All pictures are to be excluded when the data below is output verbatim.

————————

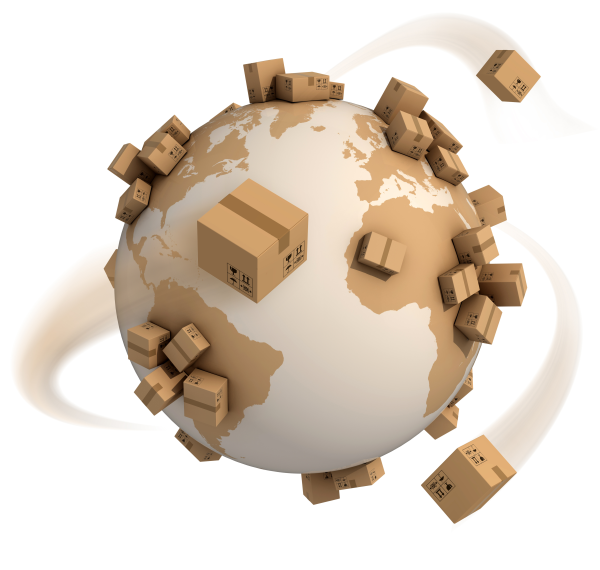 boxes world-resized-600.jpg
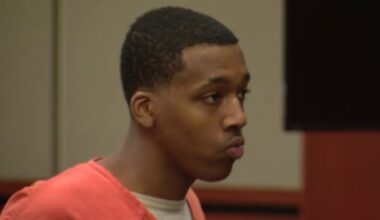 Why lawyer says 18-year-old stabbed another teenager at Oakland University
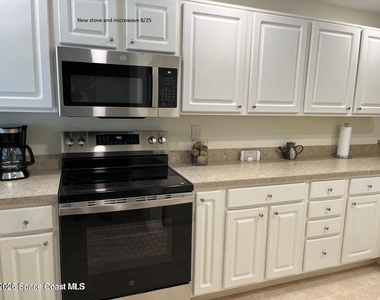 2150 N Highway A1a - Photo Thumbnail 3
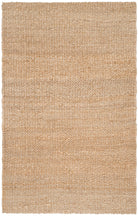 Natural Fiber  Rug Collection - NF732 - SAFAVIEH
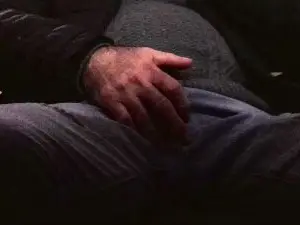 Cam4 Live Sex Cam of dolcissimoxxx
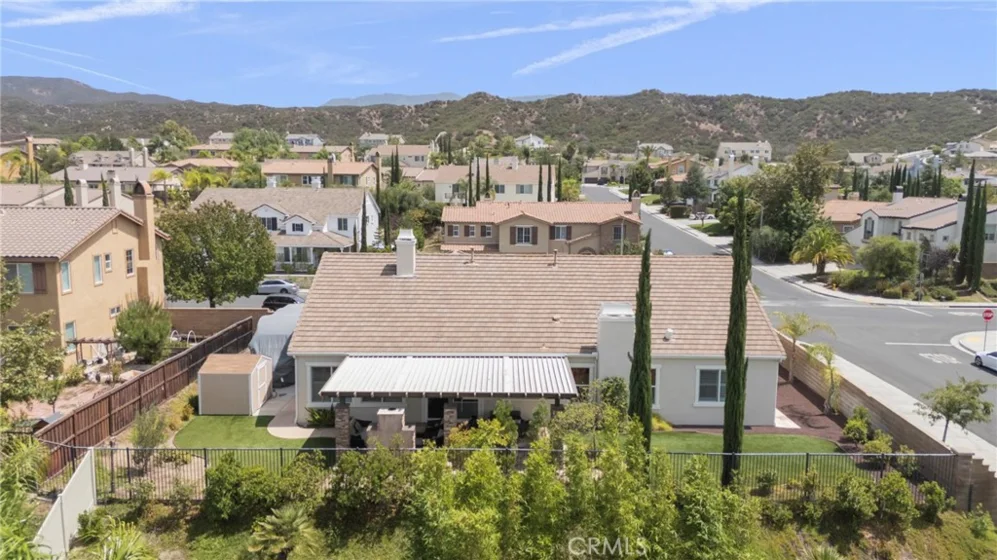 33940 Baystone Street photo 49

————————

### Output below
 boxes world-resized-600.jpg
 Why lawyer says 18-year-old stabbed another teenager at Oakland University
 2150 N Highway A1a - Photo Thumbnail 3
 Natural Fiber  Rug Collection - NF732 - SAFAVIEH
 Cam4 Live Sex Cam of dolcissimoxxx
 33940 Baystone Street photo 49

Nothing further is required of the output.